Tell us something about yourself. What is your niche? Why did you start your business?
Making things started at a young age, growing up on a dairy farm. The desire to create and build things continued through college. A few years after college, I started my own custom furniture business in Berea, Ky. During my next 25 years, I developed clients from coast to coast. In 2014, with changes in the economy and marketing, I decided to go a different direction, designing and building a brand of smaller wooden products for the home such as wine caddies, kitchenware and utensils, various types of wall racks, and computer stands.
What type of products do you sell? How does your manufacturing process look like?

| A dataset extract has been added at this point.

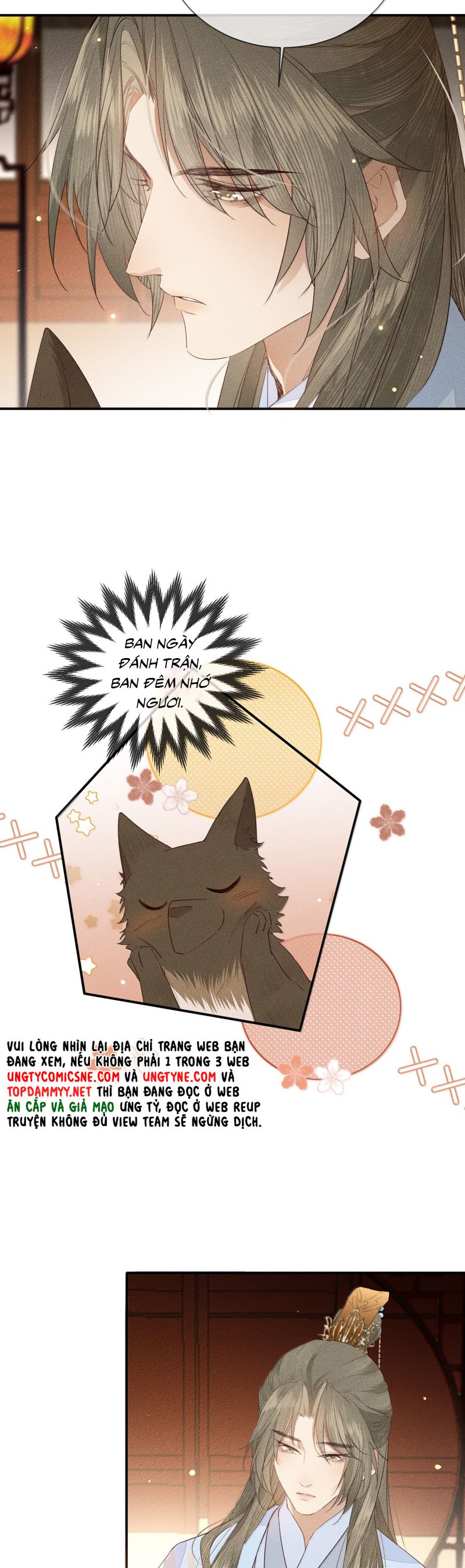 Ma Thú Vậy Mà Có Ý Đồ Bất Chính Với Ta Chap 38 - Next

The small wood products we make are always functional, sometimes multifunctional, and equally as important, they most always have a strong eye appeal, different than anything already on the market. Some of my product designs have happened in a flash, others receiving care thought, and experimentation. Once I know what it is going to look like, I never make one of something. Being creative in the production part is very important too if you want to make money. I’ve always been a jig and fixture king of guy, searching for the most efficient and fastest way to make the product, always being careful not to sacrifice quality. I’ve always believed that ” Craftsmanship goes far beyond the manipulation of one’s hands and tools….it’s a state of mind that is satisfied with nothing less than excellence.”
What are some challenging aspects of your business? How did you overcome them?
Some of the challenging aspects of my business actually energize me. I seem to thrive on the whole process of design, working out the kinks, the production process. playing and tweaking with marketing. My wife Tuya would say, my mind never shuts down. The one thing that does wear on me is all the many backs and forth conversations with the customer. I think 99.5% of my customers are nice people and a joy to work with but having to remember all their requests and changes can be tiring and worrisome. But I roll with them and they give me really nice reviews and I make more money.
What do you enjoy most about being an entrepreneur? What’s the hardest about it?
In my particular field, I enjoy designing and building immensely. In some ways, it’s like the air I breathe. It’s my design, my way of making it, don’t have to ask anyone to make changes. No boss so I’m just running wild in my profession. And I think that if you enjoy all aspects of a profession/business, it’s hard to find something about it that would be considered difficult by some.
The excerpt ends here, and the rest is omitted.